→ Assigned task
Set down without change every line from the line that contains "Détail de la" through the end of the listing, and only those lines. No pictures.

→ Dataset entries
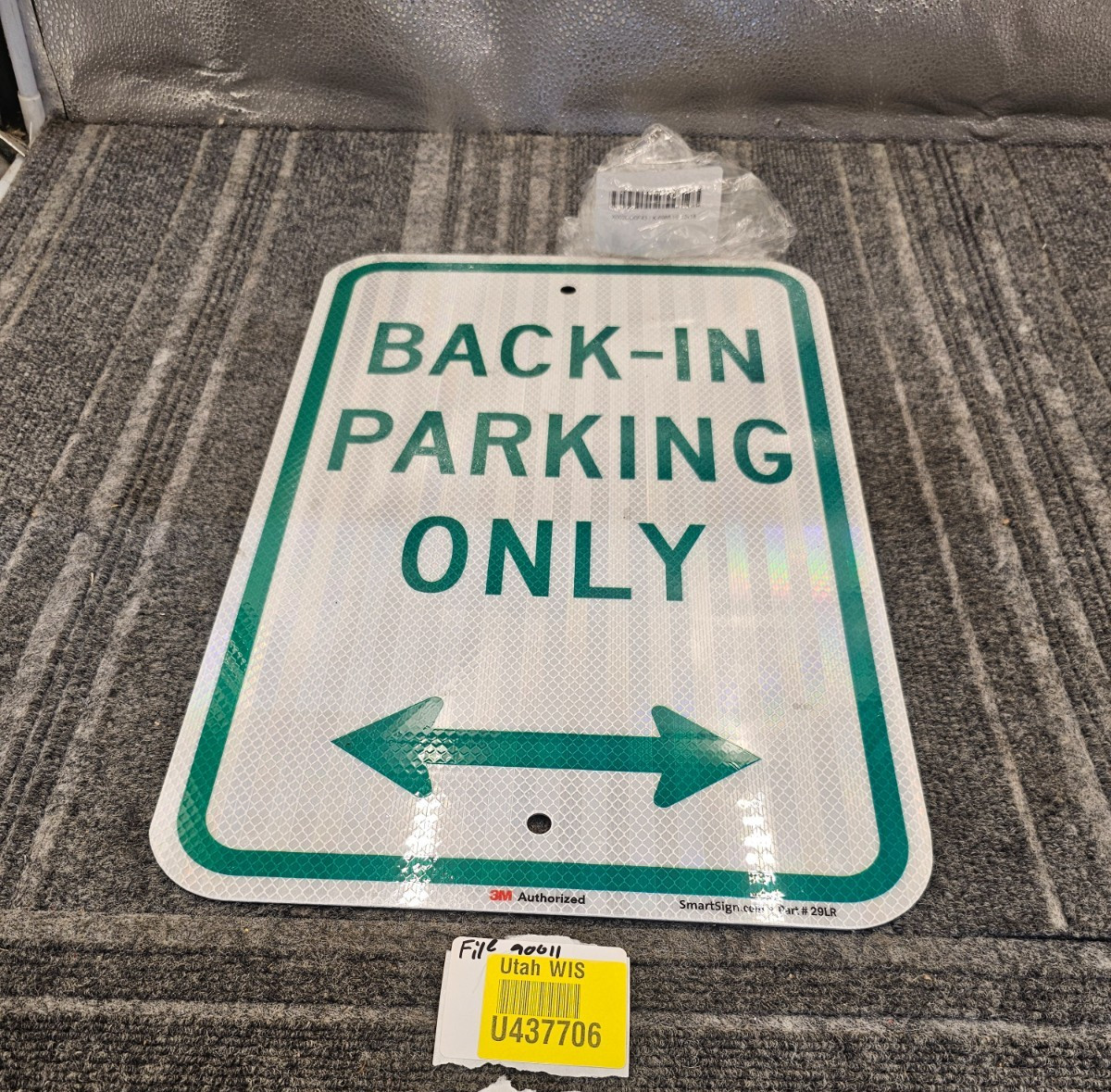 (QTY 3) SmartSign Back-In Parking Only Sign Bidirectional Arrow 12″x18″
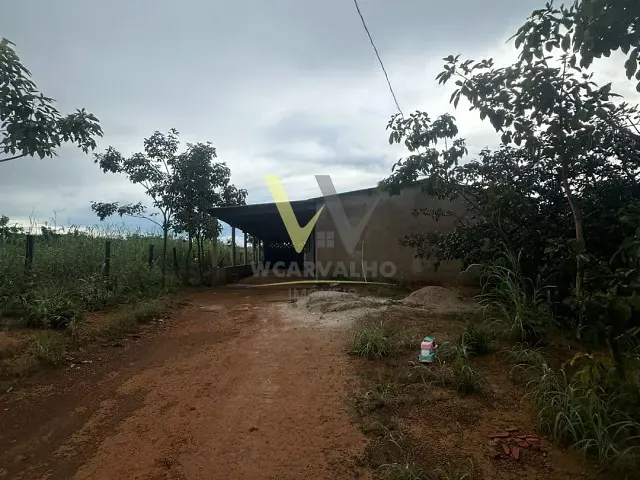 Chácara com 3000m² 3 quartos e 3 banheiros, à venda, no bairro Jardim Peixoto em Anápolis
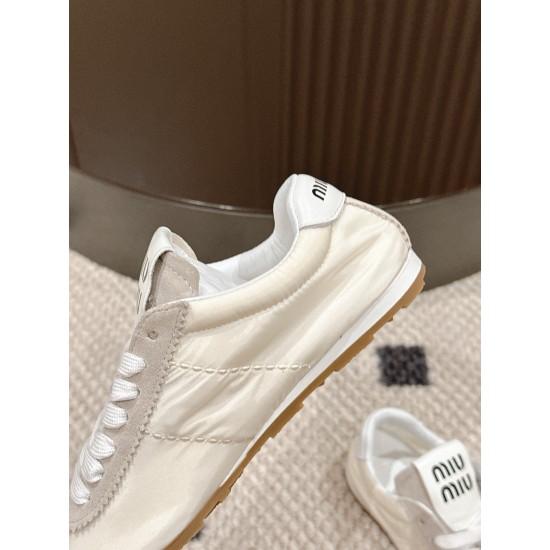 MiuMiu Sneakers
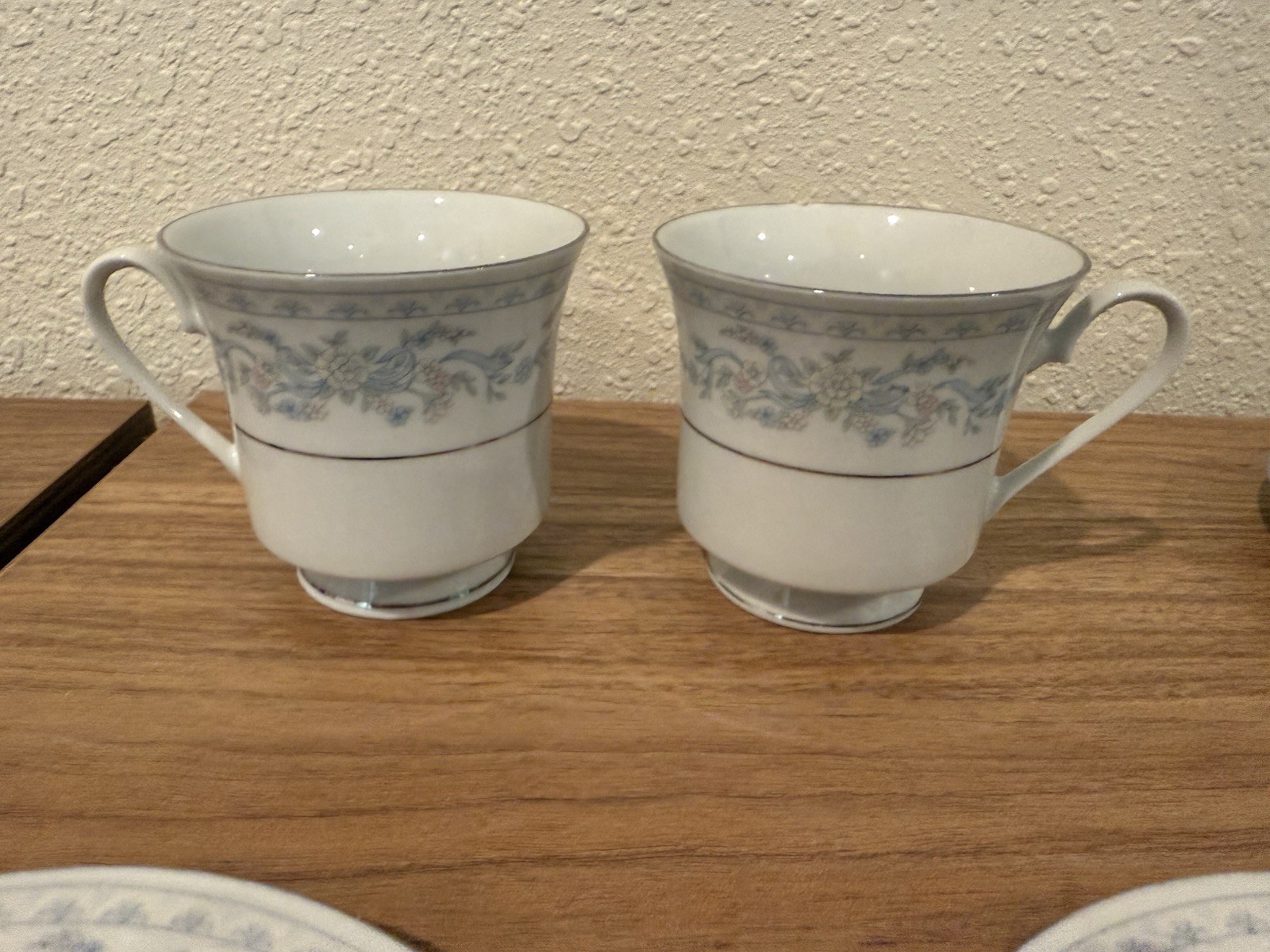 Vintage Somerset by NL Excel 12 Pieces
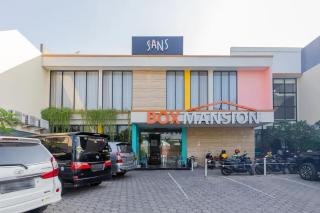 Sans Hotel Box Mansion Surabaya by RedDoorz - 6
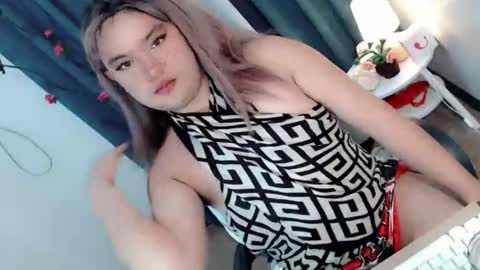 Loyd online show from 04.04.26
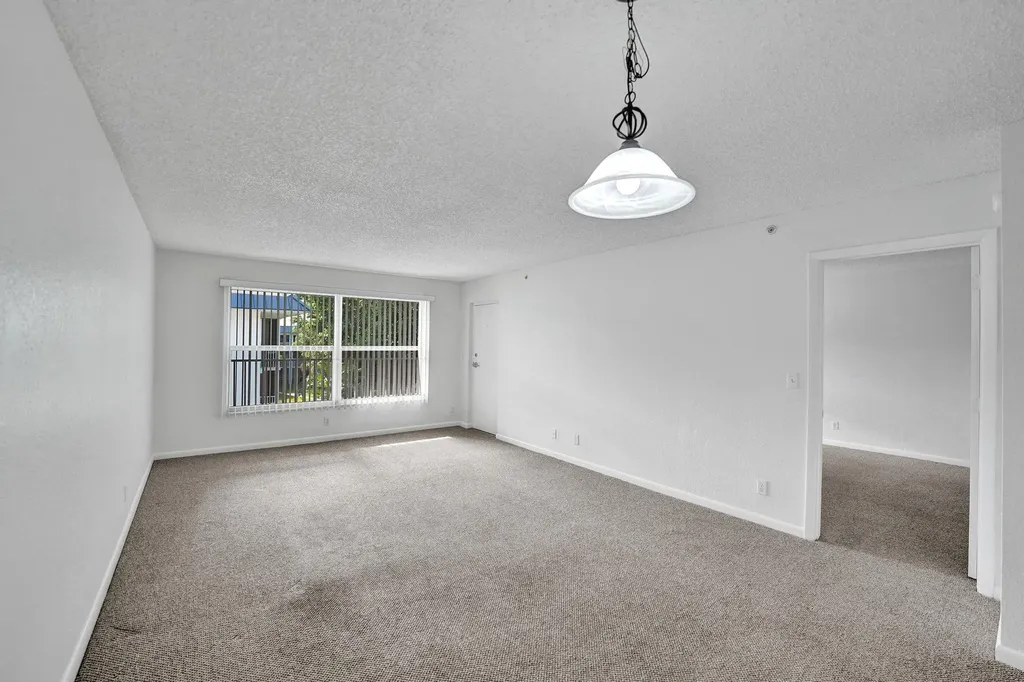 4025 N Federal Highway Oakland Park FL 33308
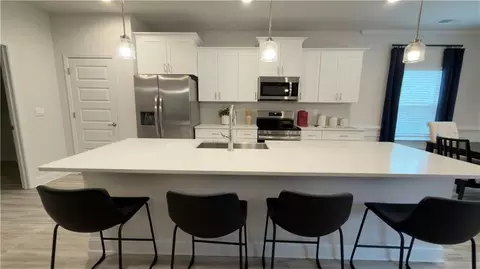 Kitchen - 118 Gentle Way, Commerce, GA 30530 photo 2 of 3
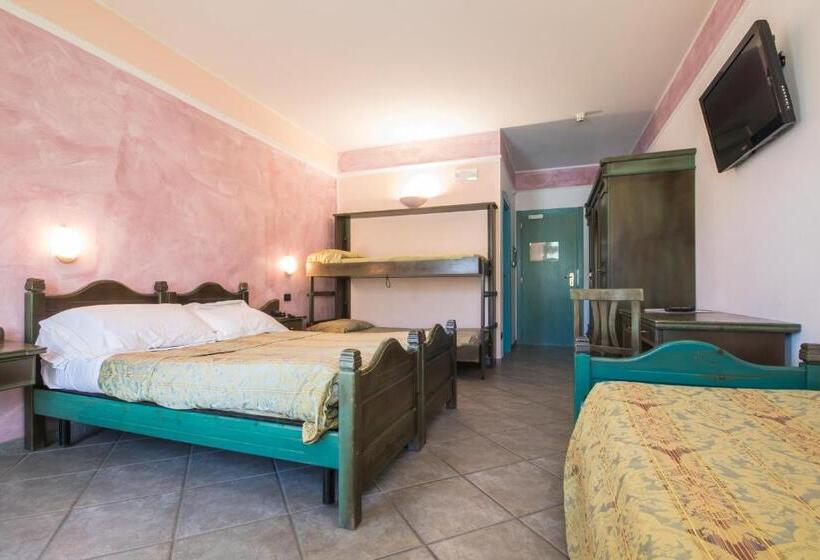 패밀리 룸, Don Luis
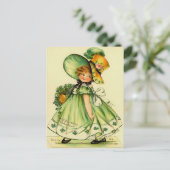 Vintage fille avec carte postale verte (Debout devant)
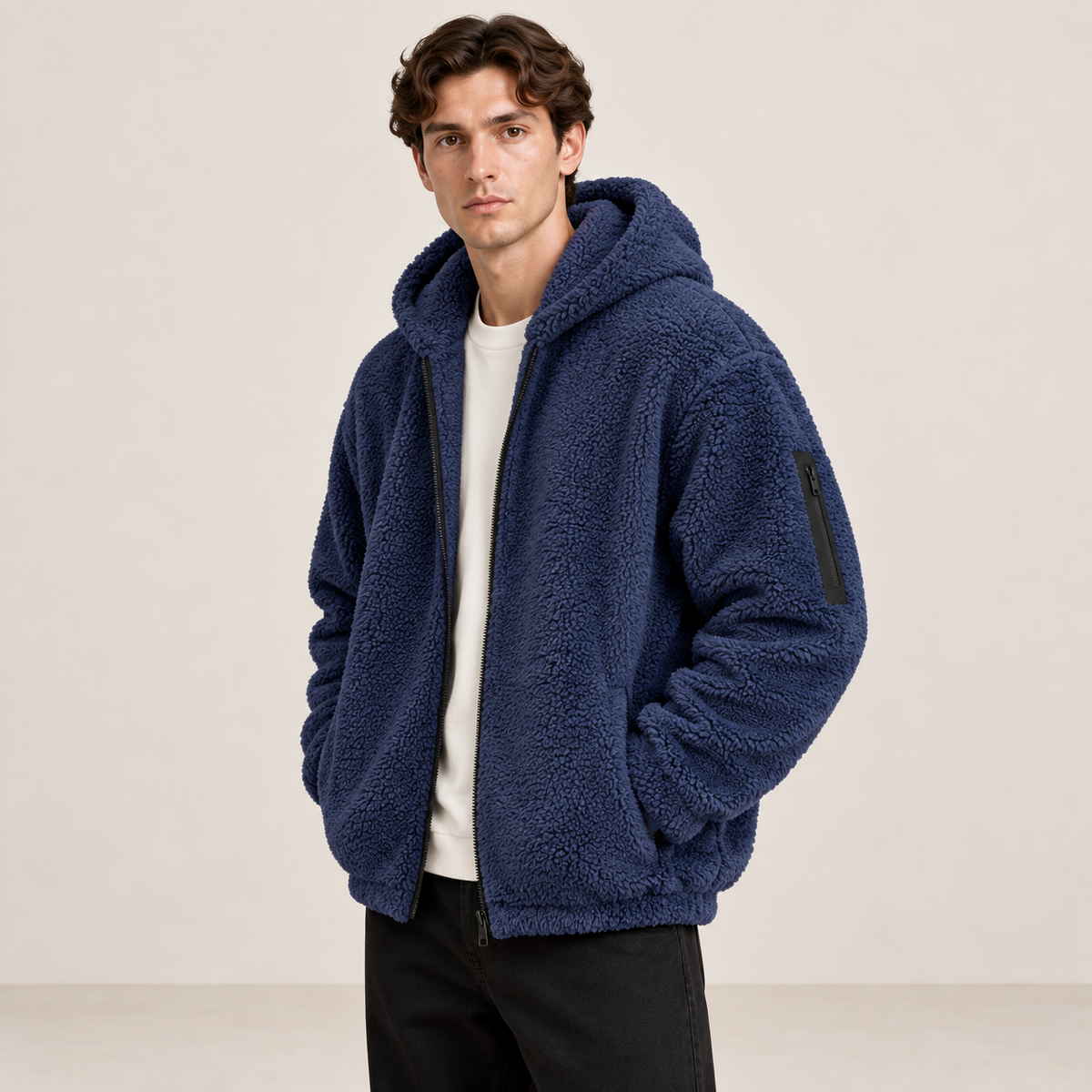 Détail de la capuche, du zip et de la texture du bomber bleu marine effet fourrure.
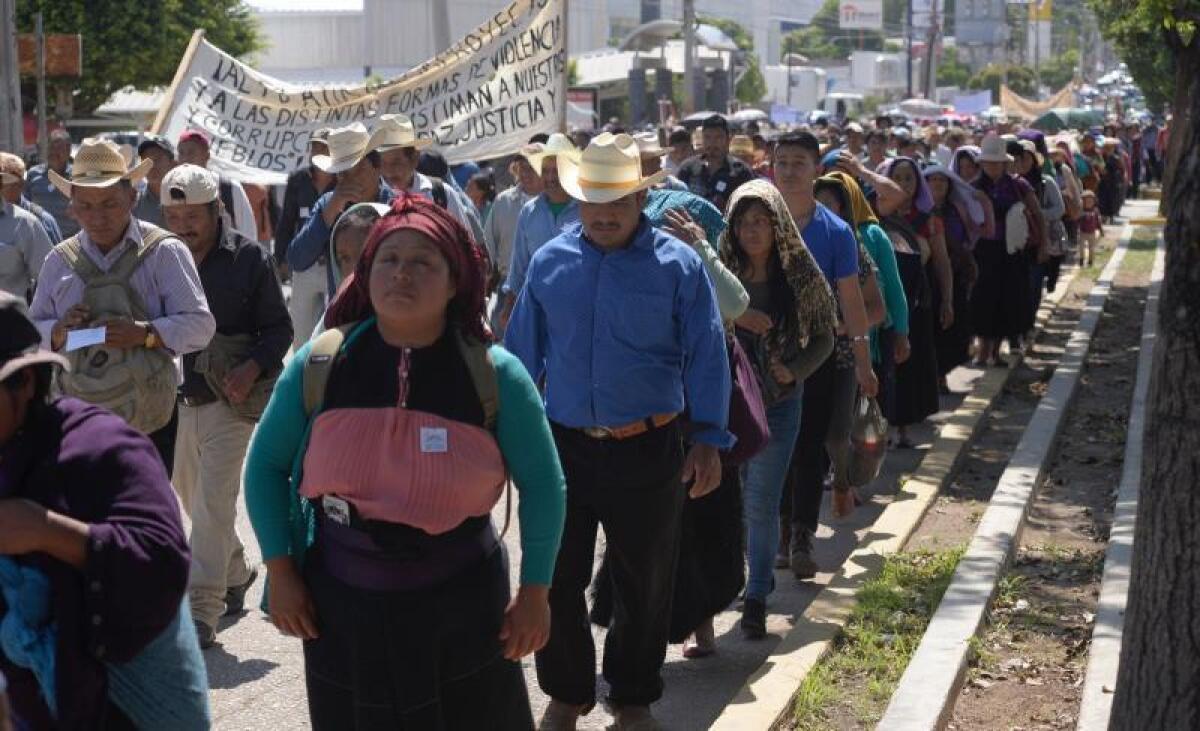 Indígenas protestan este martes en una de las principales calles de la ciudad de Tuxtla Gutiérrez, en el sureño estado de Chiapas (México). EFE/Carlos López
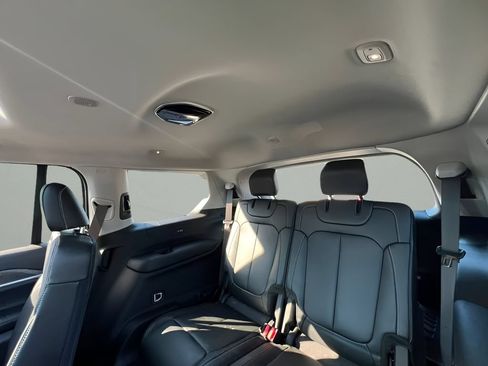 Used 2023 Jeep Grand Cherokee L Limited AWD/4WD image 16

→ Response for this exercise
 Détail de la capuche, du zip et de la texture du bomber bleu marine effet fourrure.
 Indígenas protestan este martes en una de las principales calles de la ciudad de Tuxtla Gutiérrez, en el sureño estado de Chiapas (México). EFE/Carlos López
 Used 2023 Jeep Grand Cherokee L Limited AWD/4WD image 16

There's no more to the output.